Car retail businesses who promised to exceed the 80% salary funding cap of the Government’s Coronavirus Job Retention Scheme (CJRS) will face an increased financial burden if support is cut to 60%.
The Chancellor of the Exchequer, Rishi Sunak, is expected to extend the CRJS scheme to September in a live press conference this afternoon (May 12).
He is also expected to cut Government's salary contribution through the scheme to a maximum of 60% of an employee's monthly salary – with a corresponding cap on maximum grant funding from the current £2,500 per month.
The changes will pile pressure on generous car retail businesses which had vowed to pay staff more than the CRJS’s 80% grant contribution to its wage bill in order to mitigate the impact of the COVID-19 lockdown period on their employees.
But few will be able to reintroduce large swathes of staff back into businesses which look likely to remain closed until June 1 at the earliest under the ongoing Government-imposed lockdown as detailed in the 50-page ‘COVID-19 Recovery Strategy’ document published yesterday (May 11).
Last week Sunak took to Twitter to promise that there will not be a ‘cliff edge’ ending to the Government’s CJRS scheme.
However, he conceded that “some scenarios show we are potentially spending as much on the furlough scheme as we do on the NHS”, adding: “I am working out the most effective way to ease people back into work.”
Government is currently paying the wages of 6.3million UK workers under its CJRS furlough scheme at a monthly cost of £8bn. By comparison, the monthly NHS budget is £11bn.
AM reported last week that many car retailers consider the financial balance of returning furloughed staff to work as the "biggest challenge" posed by the COVID-19 crisis.
Clive Brook group managing director, Clive Brook, said returning staff to the business’ payroll during the period of low demand posed “the biggest risk to the business so far”.
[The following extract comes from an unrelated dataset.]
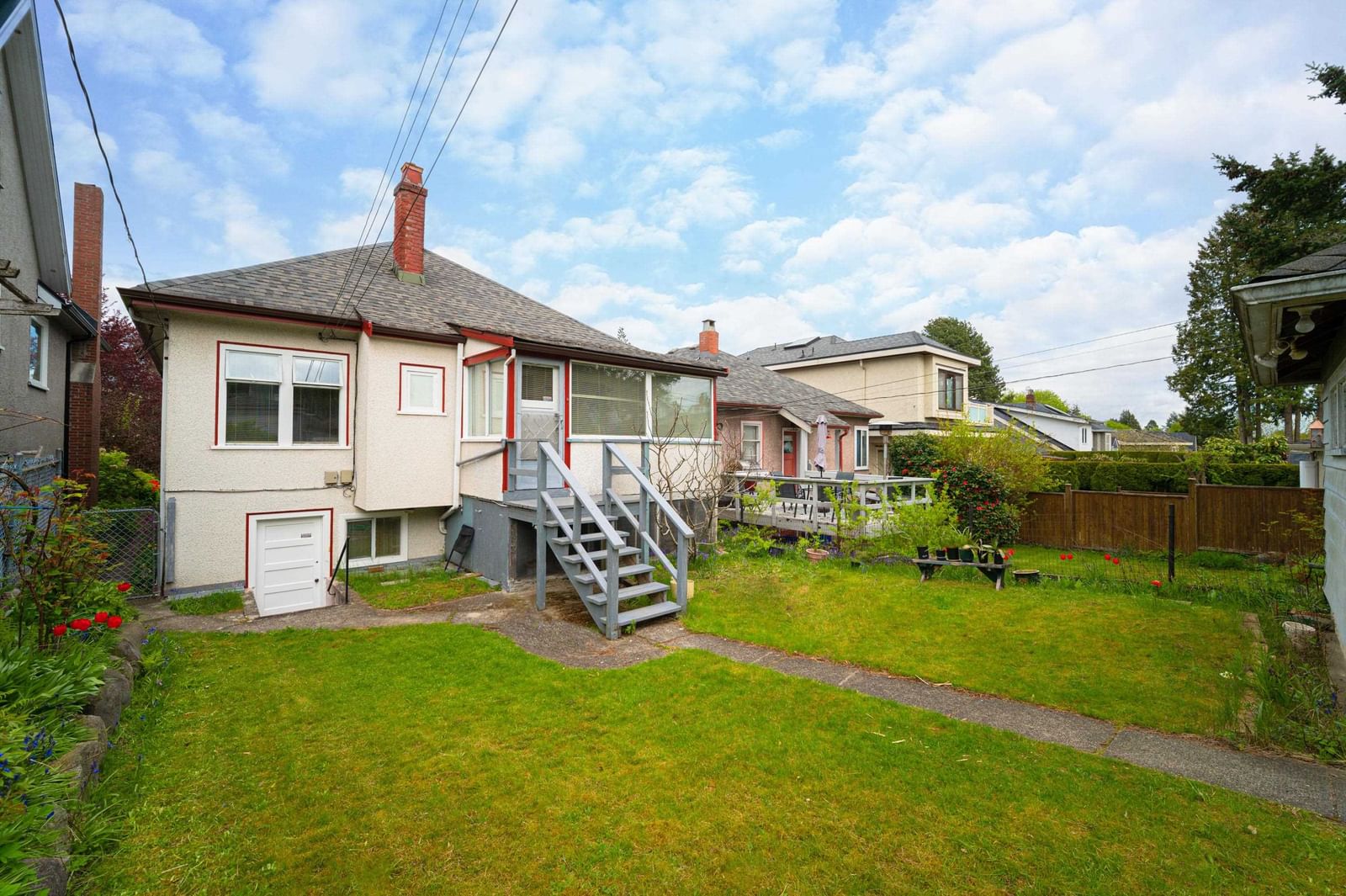 Listing Image 16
Vertu Motors chief executive, Robert Forrester, meanwhile, said that “a very measured approach” was required to ensure that his businesses resources could be backed by demand.
Brook said: “It’s fairly obvious. When you bring someone back you have to have the income to justify their place in the business. It’s a fine financial balance to strike.
“Without doubt, managing the return to work will be the biggest challenge, financially, for the automotive retail sector.”
Forrester said: “You are forgoing that Government support when you bring staff back but we have a business to run and we have a lot of customers.
“We have a very measured and controlled approach where we consider our available resources.”
Cambria Automobiles chief executive Mark Lavery has already conceded that “over 100 redundancies” are possible within his car retail group when the Government's coronavirus job retention scheme’s (CJRS) furlough period ends.
Speaking to AM following publication of an interim results statement for the six-month period to February 29, he said: “We don’t yet know whether what we are facing is a recession or a depression.”
“If (the Chancellor of the Exchequer, Rishi Sunak) doesn’t extend the scheme beyond that point then we will have to start planning. There is a possibility of over 100 redundancies.”